Tomorrow night, songwriter extraordinaire Ben Folds (minus the 5) takes the stage at the Tower Theater. We chatted with him (via e-mail, as he was having some voices issues) about going solo, William Shatner, and his new record, a collaboration with writer Nick Hornby.
If memory serves, I saw Ben Folds 5 for the first time in 1996 at a little place called the Carefree Theater in West Palm Beach, Fla. It was right around the time "Underground" started getting some radio play. And I remember thinking the band had this fantastically sincere-but-quirky vibe to it; the heartfelt songs with a punk-rock, overdrive bass and a singer who was not afraid to beat the shit out of his piano. And I'm wondering, as you look back, how do you think you've changed?

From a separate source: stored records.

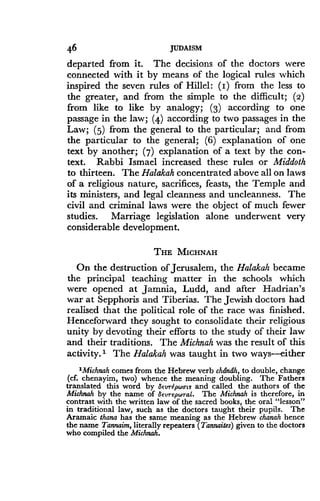 46
	
JUDAISM
departed from it . The decisions of the doctors were
connected with it by means of the logical rules which
inspired the seven rules of Hillel: (I) from the less to
the greater, and from the simple to the difficult ; (2)
from like to like by analogy ; (3) according to one
passage in the law ; (4) according to two passages in the
Law; (5) from the general to the particular ; and from
the particular to the general ; (6) explanation of one
text by another ; (7) explanation of a text by the con-
text. Rabbi Ismael increased these rules or Middoth
to thirteen. The Halakah concentrated above all on laws
of a religious nature, sacrifices, feasts, the Temple and
its ministers, and legal cleanness and uncleanness . The
civil and criminal laws were the object of much fewer
studies. Marriage legislation alone underwent very
considerable development .
THE MICHNAH
On the destruction of Jerusalem, the Halakah became
the principal teaching matter in the schools which
were opened at Jamnia, Ludd, and after Hadrian's
war at Sepphoris and Tiberias. The Jewish doctors had
realised that the political role of the race was finished .
Henceforward they sought to consolidate their religious
unity by devoting their efforts to the study of their law
and their traditions . The Michnah was the result of this
activity. I The Halakah was taught in two ways-either
MMichnah comes from the Hebrew verb chdndh, to double, change
(cf. chenayim, two) whence the meaning doubling. The Fathers
translated this word by Seurepwair and called the authors of the
Michnah by the name of SeurepW rat. The Michnah is therefore, in
contrast with the written law of the sacred books, the oral "lesson"
in traditional law, such as the doctors taught their pupils . The
Aramaic thana has the same meaning as the Hebrew chanah hence
the name Tannaim, literally repeaters (Tannaites) given to the doctors
who compiled the Michnah .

Wow, that's a book if I'm really going to answer it well. And it's complicated, because since the person asking the question has grown and changed, too, we have absolutely no perspective, haha. I feel as though I put everything into music that I have. I have always done that. And circumstances change, and I react to them musically. I try to concentrate on my craft first the reason that I am lucky enough to have a job. Then I try to relax everything that is not being engaged in order to let something new happen. If the comet passes I want to let it illuminate something uncharted if possible. So I'll find myself making up songs on the spot to ChatRoulette, or making an album with a novelist. These to me seem very much like the same person you described, reacting in new circumstances. I don't have the pressure of making people like me so much. When you start out, you have no gig until you can impress enough people. I enjoy having passed that. But I still feel the need to put everything I have into it. Beating the crap out of the piano is of course somehow still a part of that.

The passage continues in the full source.